French Hill must be confused. The AETN broadcast debate on Oct. 9 was supposed to be between Hill, Clarke Tucker and Joe Ryne Swafford, who appeared dazed.

But Hill kept mentioning former President Obama, as though the topic was 2008, not 2018. At one point Hill revised history when he referred to a wet blanket Obama supposedly left behind, a strained metaphor.

Had this been 2008 or 2010, the former president might have reminded Hill that George W. Bush left an economic disaster in his wake. Weak regulations had allowed major banks, "too large to fail," to collapse our economy. A huge infusion of money kept many banks afloat, and the U.S. and world from falling off the economic cliff.

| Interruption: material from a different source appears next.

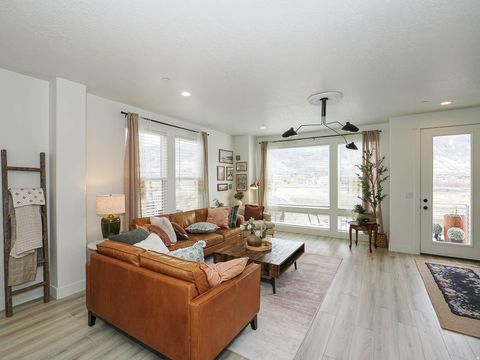 Tiny photo for 571 N 1400 W, Farmington, UT 84025 (MLS # 2137937)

Hill returned from the past when he took credit for last year's tax break, but not its current and impending consequences. Some economists call the break a sugar high. Others call it the largest theft of wealth stolen from the middle class, a heist on behalf of the extremely rich Hill helped pull off.

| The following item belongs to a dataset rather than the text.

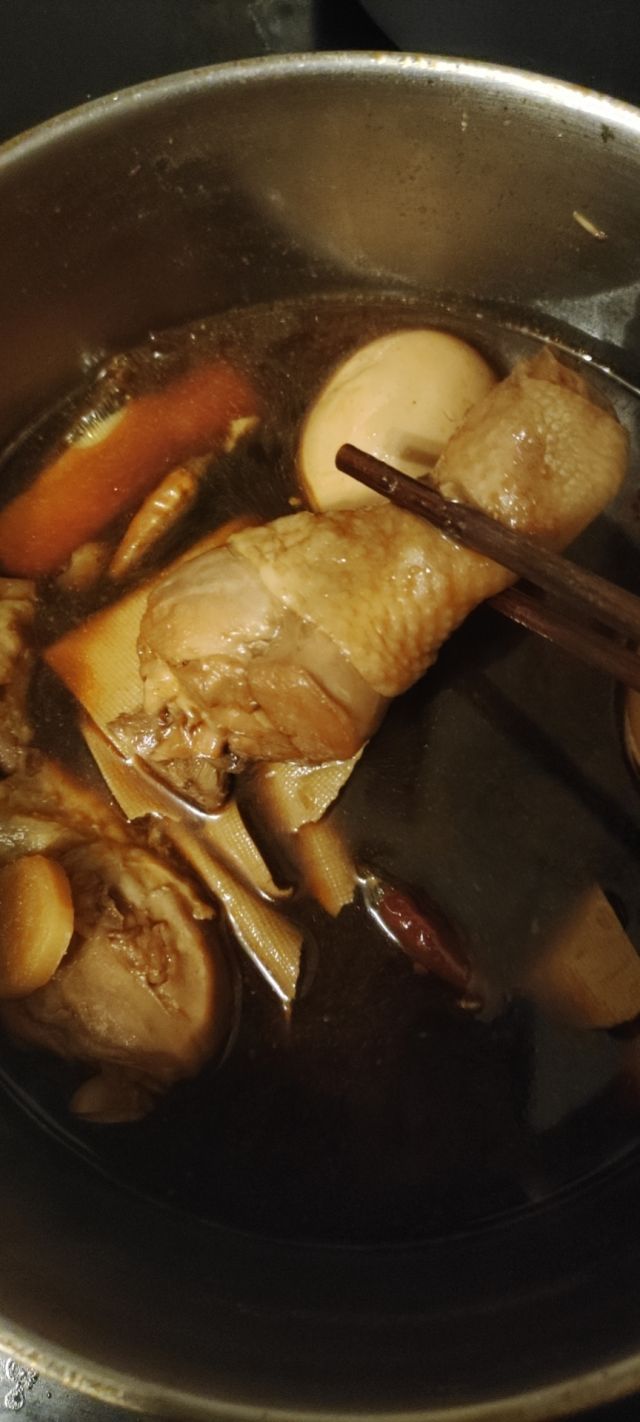 昨天卤了鸡腿的卤汤今天想卤新的鸡腿,请问一下怎么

Thanks to Hill, the middle class received chump change and an exaggerated narrative of how well the economy is banging away. While more folks may be working, gnawing at their heels are inflation and a panicking Wall Street because of a potential economic tsunami heading our way.

Millions of working Americans with 401(k)s are suffering large losses while groceries, fuel, cars, houses and loans are costing consumers more than their tax breaks added to their wallets.

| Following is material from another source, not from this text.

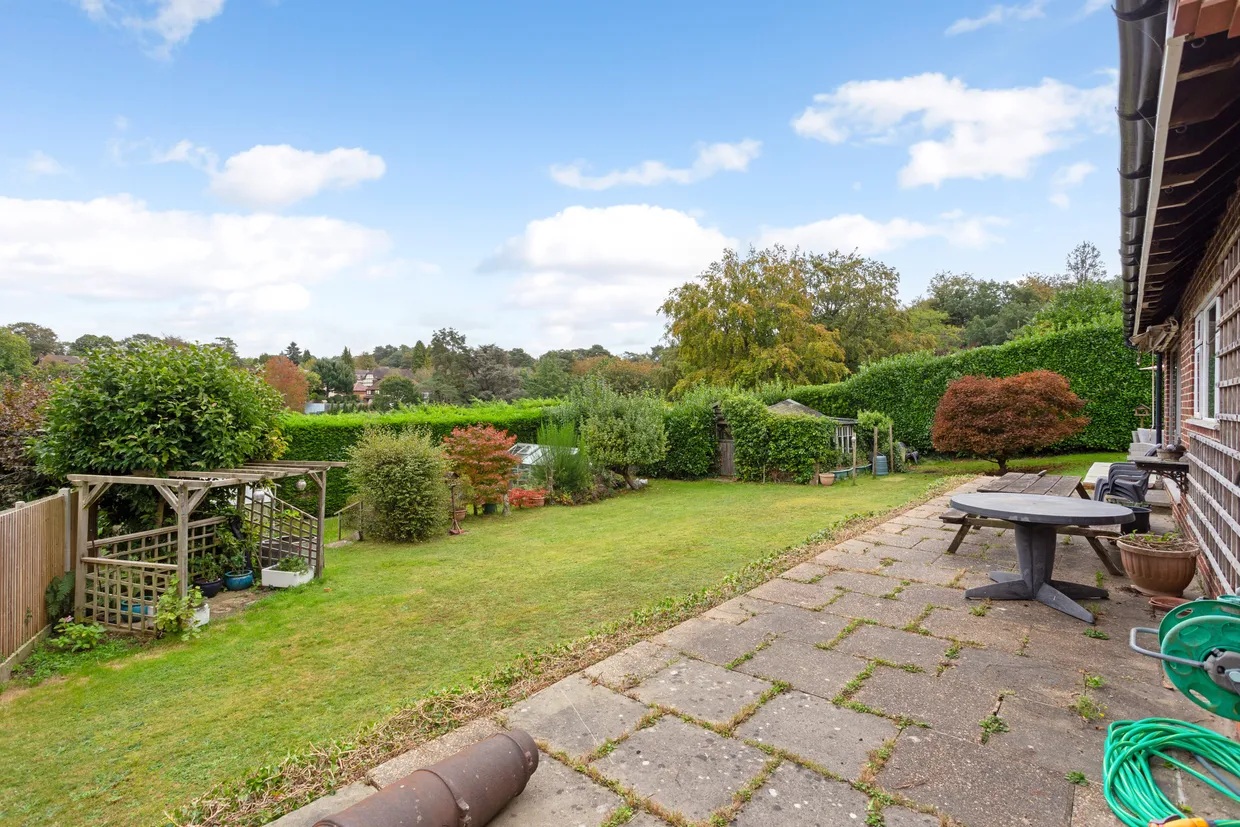 Steepways, Hindhead, GU26 photo 14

No wonder Hill wants us to look at the past. If he can keep our attention there through November, he'll return to the swamp he desires to toss to his favorites all the gifts their dark donations will have earned.

BOB REYNOLDS

Conway

Coordinated outrage

Suddenly it is the common tar brush of the GOP: "mob rule." I cannot offer an exhaustive count of those lately employing the phrase, but it is clearly the majority's cynically deployed tactical label. One imagines a private caucus to coordinate their remarks. They want citizens and voters to fear, not just despise, those who oppose Judge Kavanaugh.

In a single interview, Senator Cotton wishes us to see a likeness of the Kavanaugh resistance to Stalinist show trials (communist) and to the McCarthy hearings (virulently and dementedly anti-communist). Surely the senator, or those paraphrasing his remarks, knows that both comparisons are absurd, hysterically overstated. No one in Washington has been disappeared or shot over this court nomination, and even the judge, whose reputation has certainly suffered some dents, has not been blacklisted with the devastating effects visited upon Joseph McCarthy's targets.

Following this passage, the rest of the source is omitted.